> Stored data:
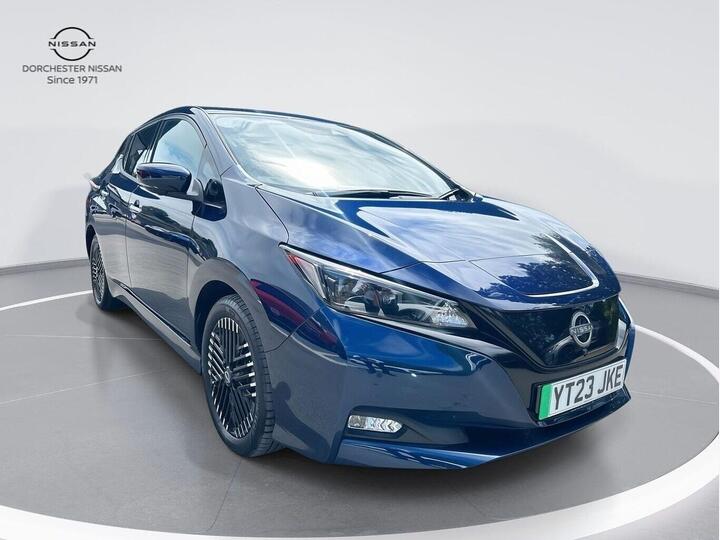 Nissan Leaf 39kWh Tekna Auto 5dr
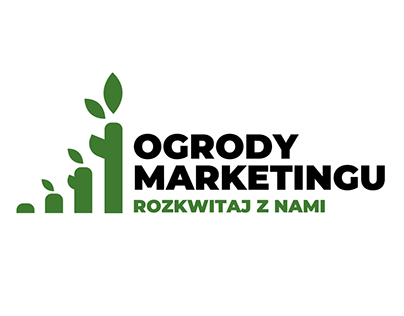 Logo Ogrody Marketingu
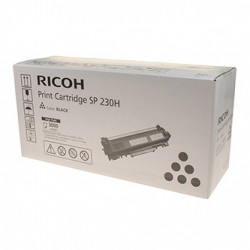 Ricoh originální toner 408294, black, 3000str., SP230H, high capacity, Ricoh Aficio SP230, O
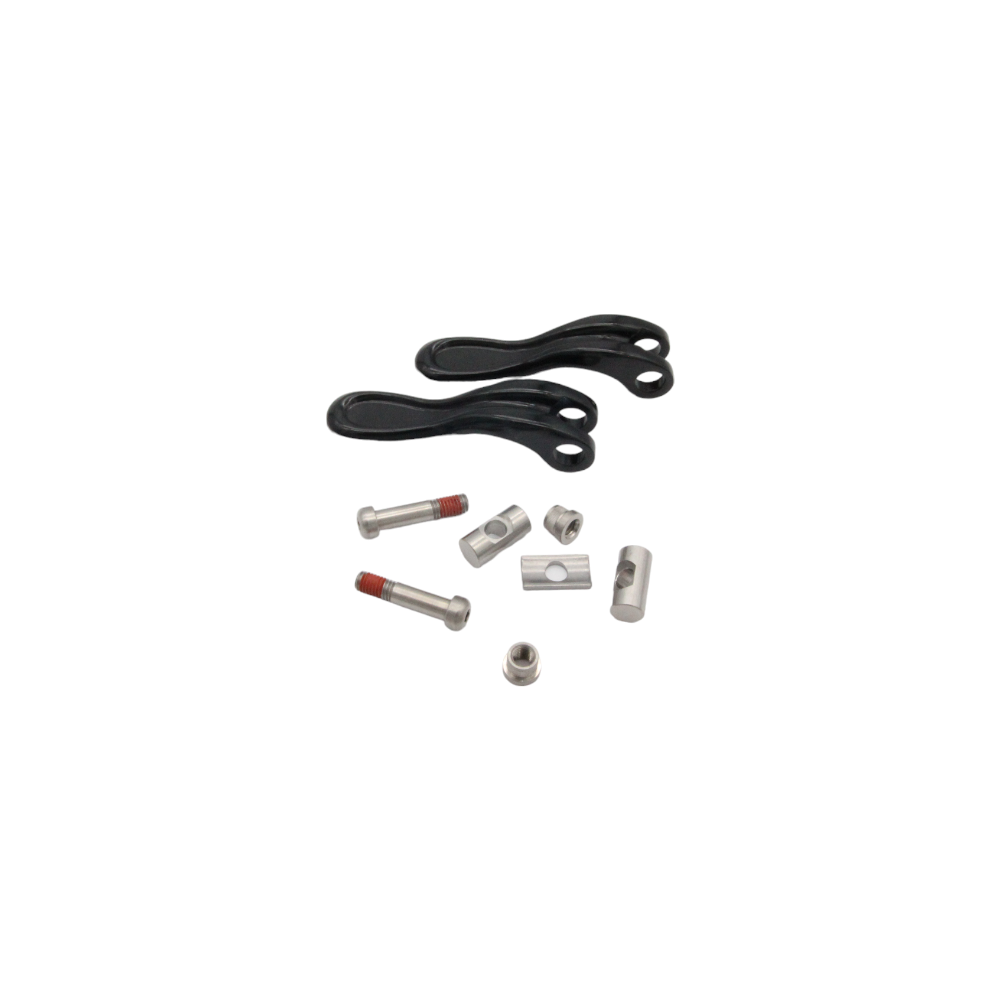 Rock Shox Schnellspanner - Kit für Tulllio Steckachse 11.4305.654.000 #814 - Bikers Base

> What you are asked to do: Excluding pictures, reproduce the listing above exactly as it stands.

> Expected output:
 Nissan Leaf 39kWh Tekna Auto 5dr
 Logo Ogrody Marketingu
 Ricoh originální toner 408294, black, 3000str., SP230H, high capacity, Ricoh Aficio SP230, O
 Rock Shox Schnellspanner - Kit für Tulllio Steckachse 11.4305.654.000 #814 - Bikers Base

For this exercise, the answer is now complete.